As you’ll discover, I bent the rules a bit… some of these tracks lean more on the death metal side of darkness than the black metal side. But it’s all still very black, and all very good.


Roughly five years after their untitled debut album, the Australian band Grave Upheaval, whose members are not officially identified but who are rumored to include members of Impetuous Ritual, Portal, and Temple Nightside, have a new album headed our way. Also untitled, and with songs that are identified only by Roman numeral, it will be released by Nuclear War Now! Productions on April 15th.

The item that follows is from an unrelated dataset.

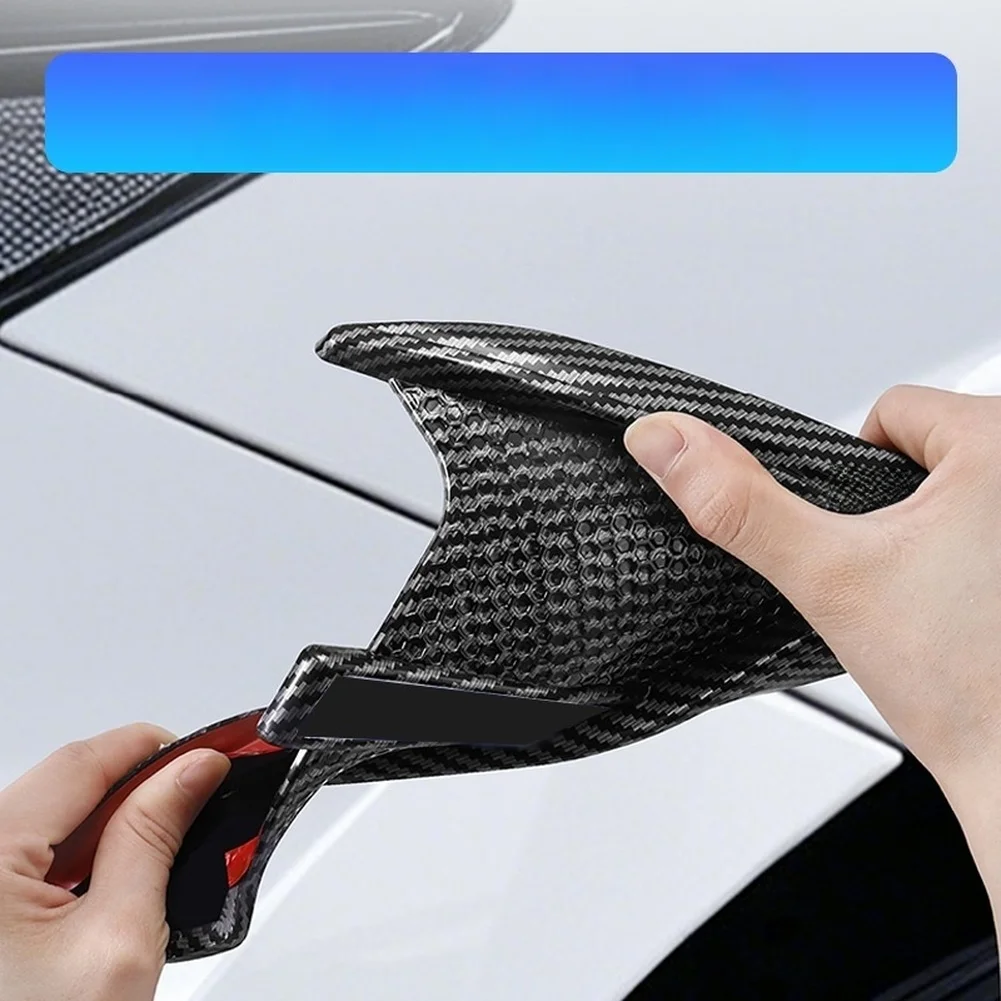Texture For-TPU Shark Gill Vent Cap Sticker For Fender Hood Air-Flow Intake Trim Side Wing Decoration Accessories Carbon Fiber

For a lot of interesting insights into this new album, and the band’s history, I recommend you read this recent interview at Bardo Methodology, which was accompanied by a track premiere. That track — “II-III” — is now streaming on Bandcamp, and although the promo for the album has been viciously vying for my attention, so far this song is the only one I’ve heard. It’s a stunner.

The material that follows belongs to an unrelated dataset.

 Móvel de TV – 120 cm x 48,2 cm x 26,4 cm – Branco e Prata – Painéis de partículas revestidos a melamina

While mounting a primitive and staggeringly brutal assault, the band also manage to create an equally staggering and frightening atmospheric presence, thanks not only to the blood-freezing cruelty of the riffs and the primal potency of the drumwork but also to the mind-abrading quality of the vocals. Both frenzied and ponderous, barbarous and ritualistic, the track took my breath away.











In the course of preparing this release I was surprised to realize that we had never previously written about the Greek black metal Naer Mataron. In searching my database, I found only a partially completed, two-year-old draft of a Rearview Mirror post that I intended to devote to the band. I have no memory of why I never got back to finishing it.

Naer Mataron have been around for more than 20 years, producing a discography that includes eight albums, as well as shorter releases, and the eighth of those full-lengths is Lucitherion “Temple of the Radiant Sun”. Metal-Archives says the album was released on CD last May, but if so, I managed to miss out on it — or perhaps the release was postponed. However, Witching Hour Productions just put up a Bandcamp page for a digital version of the album with a release date of February 28th, and the opening track “Prometheus Sathanas” is currently stream-able.

That track is a full-throttle, high-voltage attack. The light-speed drumming will give your head a vigorous pummeling, while the equally fierce fretwork is not only technically impressive but also damned catchy. While razor-sharp in its execution, the song still manages to convey a feeling of chaos, and the barbarous vocals sound like they come from a throat clogged with clotting blood.











Veiled is the current name of a band once known as Gnosis of the Witch. After that name change, Iron Bonehead released a debut demo entitled Omniscient Veil in 2015 , and on March 16th will release the band’s debut album, Black Celestial Orbs. The two core members were originally American, but for this new album U.S.-based Niðafjöll chose to work with a new drummer, the Swedish hitter Dimman (Grá, Cursed 13, When Nothing Remains).

DECIBEL magazine premiered a track from the new album a couple of days ago, and it really made a big and immediate impact on my addled mind. The shimmering, shining riff that dominates the early part of “Enshrouded” blazes and mesmerizes at the same time, while the piston-driven double-bass-drive quickens the pulse.

And then things change as the rhythm section abruptly silences itself, and a slow sequence of echoing guitar notes provide a haunting interlude. The surge returns just as abruptly as it disappeared, and the music soars magnificently.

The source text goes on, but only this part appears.